From Kent State to Ferguson - The American Spectator | USA News and Politics
From Kent State to Ferguson
by
Ah, social justice. Here we go again—and it is again. Consider these words:
The first issue is the unfilled promise of full justice and dignity for Blacks and other minorities. Blacks, like many others of different races and ethnic origins, are demanding today that the pledges of the Declaration of Independence and the Emancipation Proclamation be fulfilled now. Full social justice and dignity—an end to racism in all its human, social and cultural forms—is a central demand of today’s students—black, brown, and white.
This might sound like something coming out of Ferguson, Missouri, right now. But in fact I have just quoted the preface to a report by the President’s Commission on Campus Unrest issued in September, 1970 following the shooting of four white students at Ohio’s Kent State University by the Ohio National Guard on May 4. The Kent State shootings were followed in turn eleven days later by the police killing of two students, both black, at Mississippi’s Jackson State.

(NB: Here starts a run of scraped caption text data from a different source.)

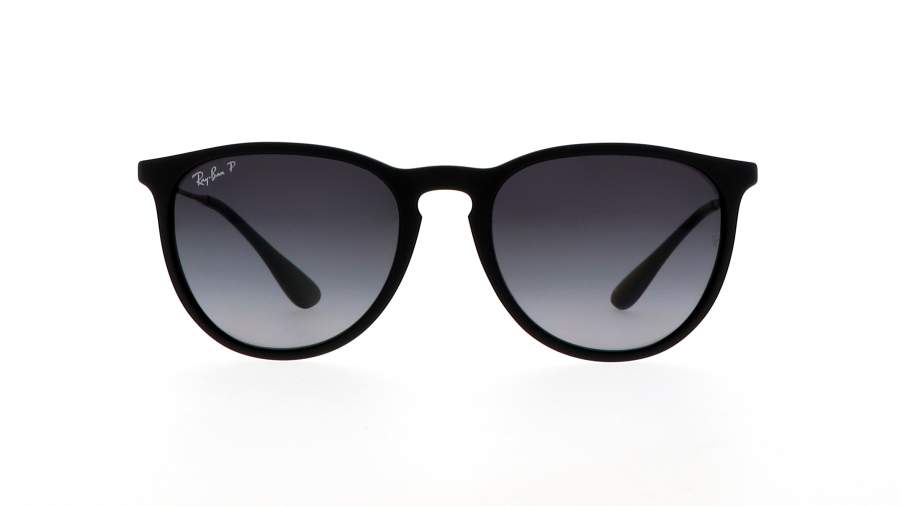 Lunettes de soleil Ray-Ban Erika RB4171 622/T3 54-18 Noir en stock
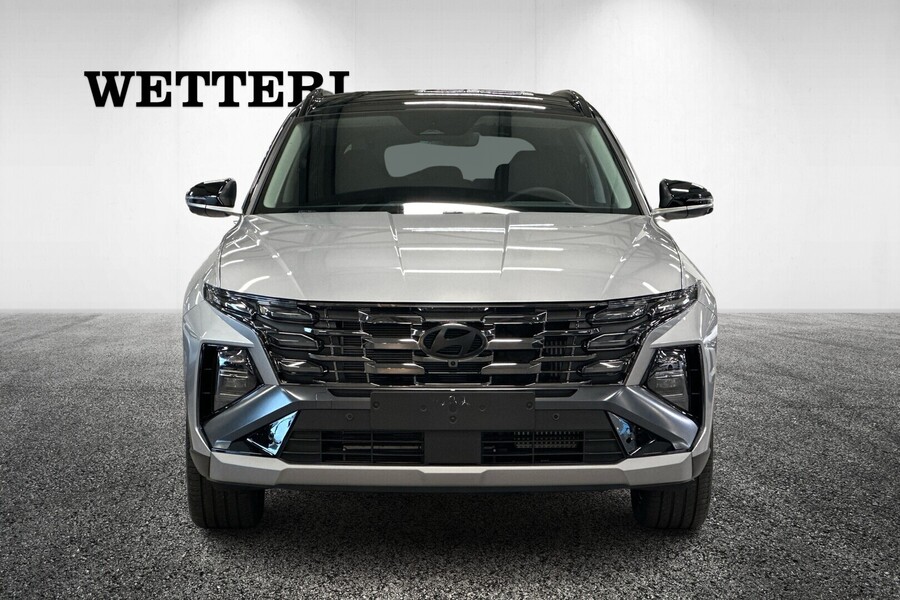 Hyundai Tucson vaihtoauto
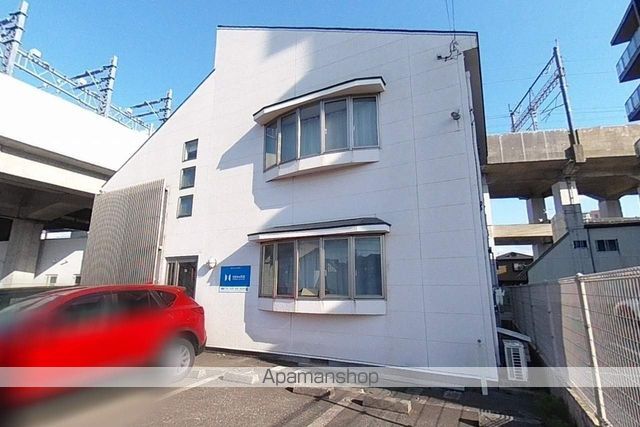 Common東幸町の外観写真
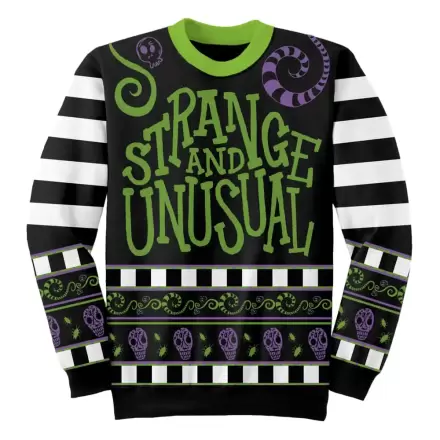 Beetlejuice Sweatshirt Jumper Strange & Unusual termékfotója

President Richard Nixon appointed the commission in the wake of a wave of violence that followed Nixon’s decision to invade Cambodia in April of that year as part of his effort to end the Vietnam War. College campuses erupted in chaos all over the country, as in fact they had been doing with increasing frequency throughout the past decade.
 
Nixon’s televised announcement on Cambodia came on the night of April 30. The rage set in minutes after he went off the air. The commission would later recount the story, reporting that on May 2, a mere two days after Nixon’s speech:
The ROTC building at Kent State was set afire. On May 4, Kent State students congregated  on the university Commons and defied an order by the Guard to disperse. Guardsmen proceeded to disperse the crowd. The students then began to taunt Guard units and to throw rocks. The guardsmen fired tear gas into the crowd, and then some fired their weapons. Four students were killed, and nine were wounded. 
The Commission’s report goes on to say that:
[In the] six days after the President’s announcement of the Cambodian incursion, but prior to the deaths at Kent State, some twenty new student strikes had begun each day. During the four days that followed the Kent killings, there were a hundred or more strikes each day. A student strike center located at Brandeis University reported that, by the 10th of May, 448 were either still affected by some sort of strike or completely closed down.
 
Ten days after the events at Kent State there were disturbances at Jackson State College, a black school in Jackson, Mississippi. On the night of May 14, students threw bricks and bottles at passing white motorists, a truck was set ablaze, and city and state police, called to protect firemen, were harassed by the crowd. Some policemen fired a fusillade into a girls’ dormitory. Two Blacks were killed, and at least twelve were wounded. 
The Commission report notes that “nearly one third of the approximately 2,500 colleges and universities in America had experienced some kind of protest activity.”  As the summer was coming to an end, “the University of Wisconsin’s mathematics research center at Madison was destroyed by a bomb. A researcher was killed, and four other people were injured.”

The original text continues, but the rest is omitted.